Dağlarda, derelerde, ağaç diplerindeki sıcak yuvalarındayken onlar zaten aileleriyle birlikteler. Dünyanın bütünlüklü birlik algısına derinden hizmet halindeler. Temizleme dediğimiz şey de onların bütünlük algısına, kendi ailelerine bağlanmaları için yapılan bir şey.
Toprağa koyuyoruz yani. Tuz, ateş, su, tütsü, tuzlu su…
En çok, daima toprak!
Sana, bana, ona dokununca; bunca insanın duygu, düşünce ve enerjisine maruz kalınca onlar da yoruluyorlar.
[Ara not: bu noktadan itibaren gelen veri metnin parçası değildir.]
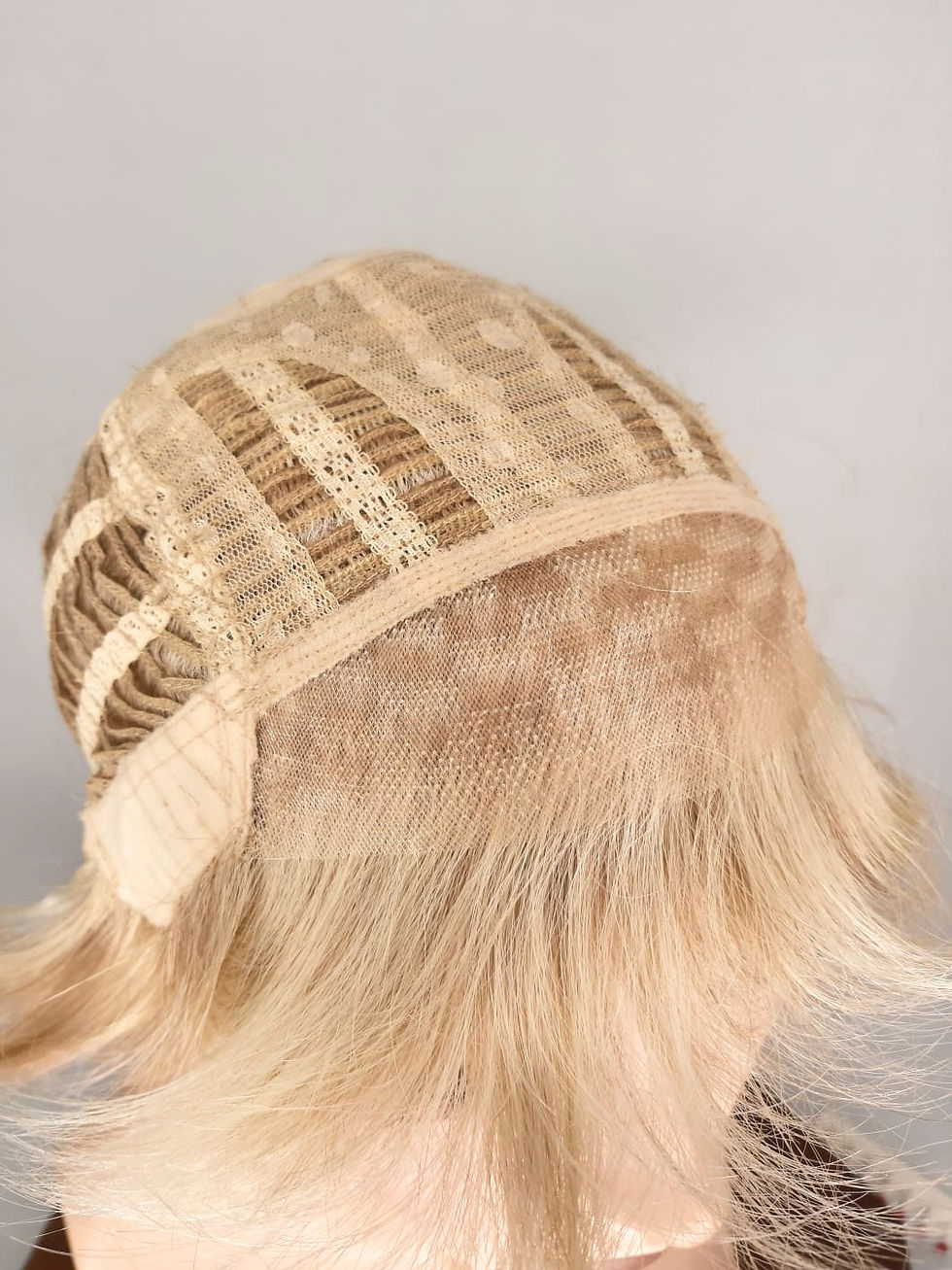 Miniatura: peluca rubia con lacefront con efecto de crecida del cabello
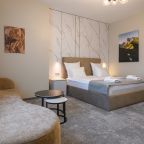 Люкс, Отель Континент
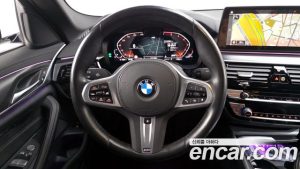 BMW 5-Series 520i M Sport 2023 года из Южной Кореи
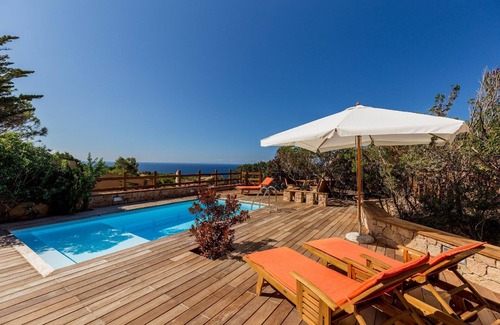 Costa Paradiso House | Holiday house Costa Paradiso for 1 - 6 persons with 3 bedrooms - Holiday house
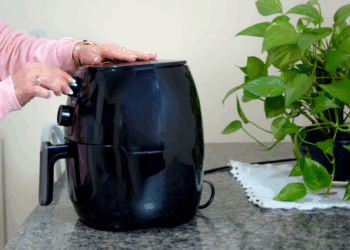 Met deze simpele truc heb je je airfryer binnen paar minuten blinkend schoon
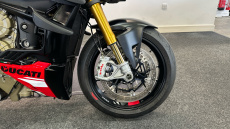 Ducati Streetfighter V4 S Red (22MY)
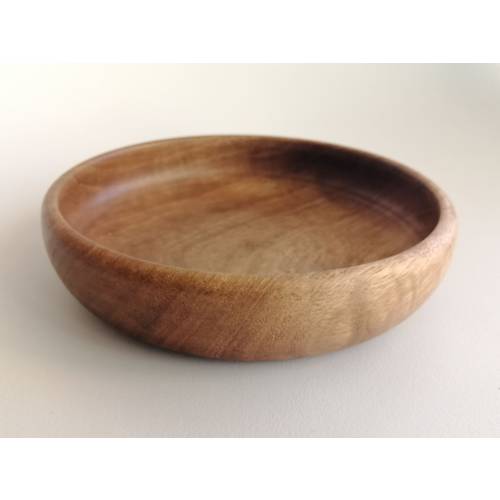 Children's plate made of walnut wood, food-safe, ecological and robust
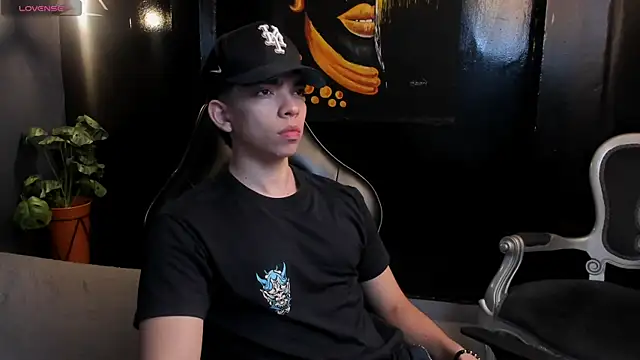 Eryonbradley online show from November 29, 11:21 am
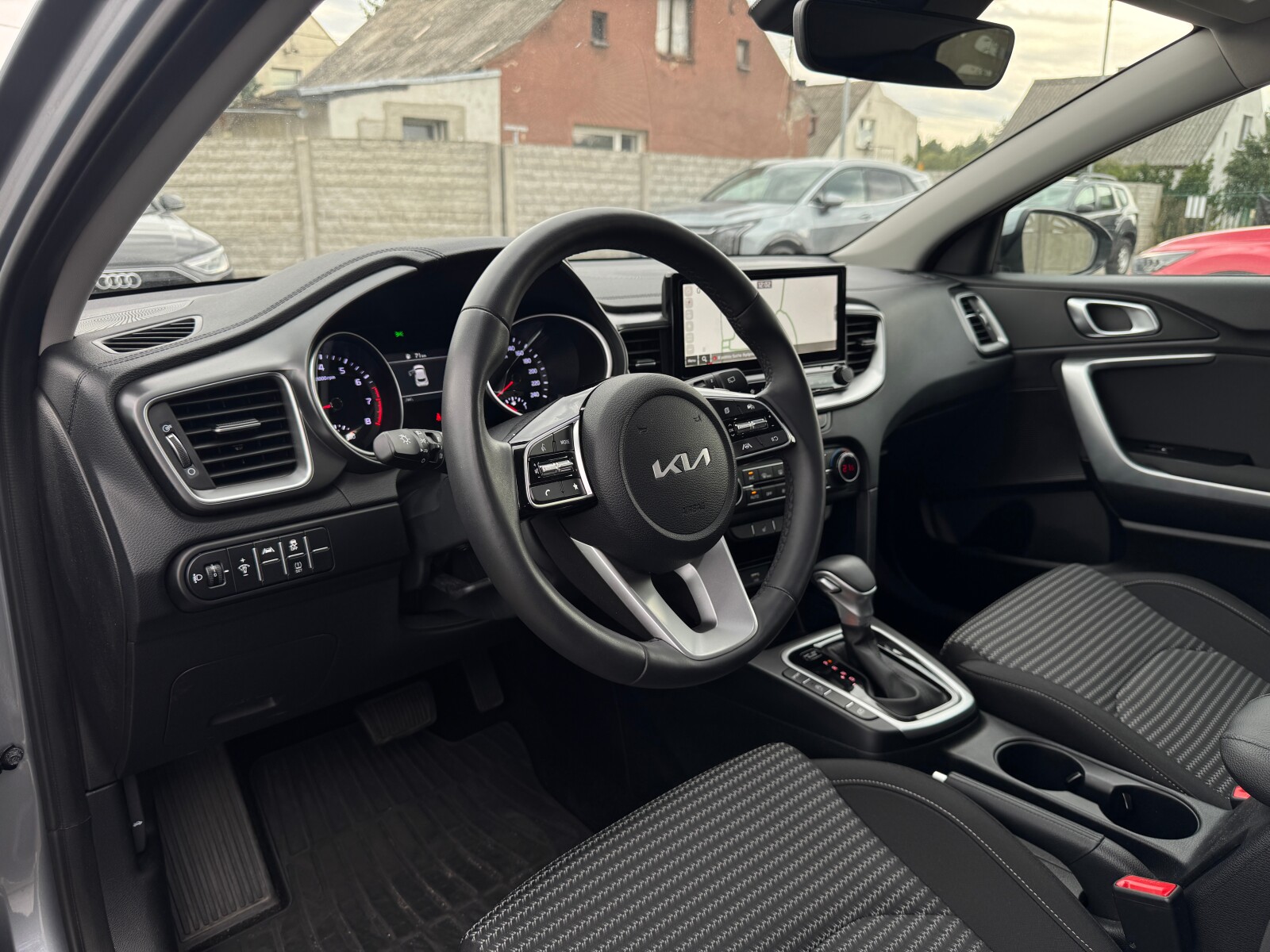 Kia XCeed - zdjęcie 9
O yüzden, bakın bu kısmı rica ederim dikkatli okuyun; topraklanmasına gerek yok denen taşlar dahil; Selenit, Ametist dahil, tüm taşlarınızı sık sık topraklayın lütfen.
Selenit ile Ametist’in günahı ne? Onlar taş değil mi? Kim uyduruyor böyle bazı taşların topraklanmayacağını ben inanın bilmiyorum. Siz beni dinleyin. Sevgiyle kalın ve tüm taşlarınızı aileleriyle buluşturun olur mu?
Peki taşları topraklama yöntemleri nelerdir?
1. Tütsü yaktığınızda üstünden geçirmek,
2. Akan suyun altında tutmak,
3. Deniz suyuna sokup çıkarmak,
4. Dolunayda dışarıya koymak,
5. Mum ateşinden geçirmek,
6. Güneş enerjisiyle şarj etmek,
7. Üçgen düzeneklerde tutmak,
8. Diğer taşlarla topraklamak,
9. Tuz kristalleriyle topraklamak,
10. Kendi bioenerjinizle topraklamak.
Bunların hepsi kabul edilebilir topraklama metotları olsa da, esas yöntem daima TOPRAĞA GÖMMEK’tir. Çünkü yukarıda saydığım yöntemlerde taşınızla bağ kurmanız gerekir. Ailesiyle onu bağlamak bilincinde olmanız, onu sevdikleriyle kavuşturup dinlenmeye bırakmak gibi bir hisle taşınızı topraklamanızı gerektirir.
Ayrıca hangi taş suda erir, hangisi güneşte renk kaybeder, hangisi tuzdan hoşlanmaz ve hangi taş şarj edicidir bilmeniz gerekir. Tütsü altında nasıl ve ne kadar tutacaksınız, düzenekte kaç tane birden olabilirler, koyarken ne demeniz lazım gibi bir sürü bilgi var. Toprağa koyduğunuzda bunları bilmeniz gerekmez. Ne yaptığınızı bilseniz de bilmeseniz de taşınızı toprağa koyup 2 gün orada tutunca; onu deşarj etmiş, ailesiyle kavuşturmuş, dinlenmesine vesile olmuş olursunuz zaten.
Orgonitlere ve taş şişelerine gıcık olmaktaki temel hissim budur.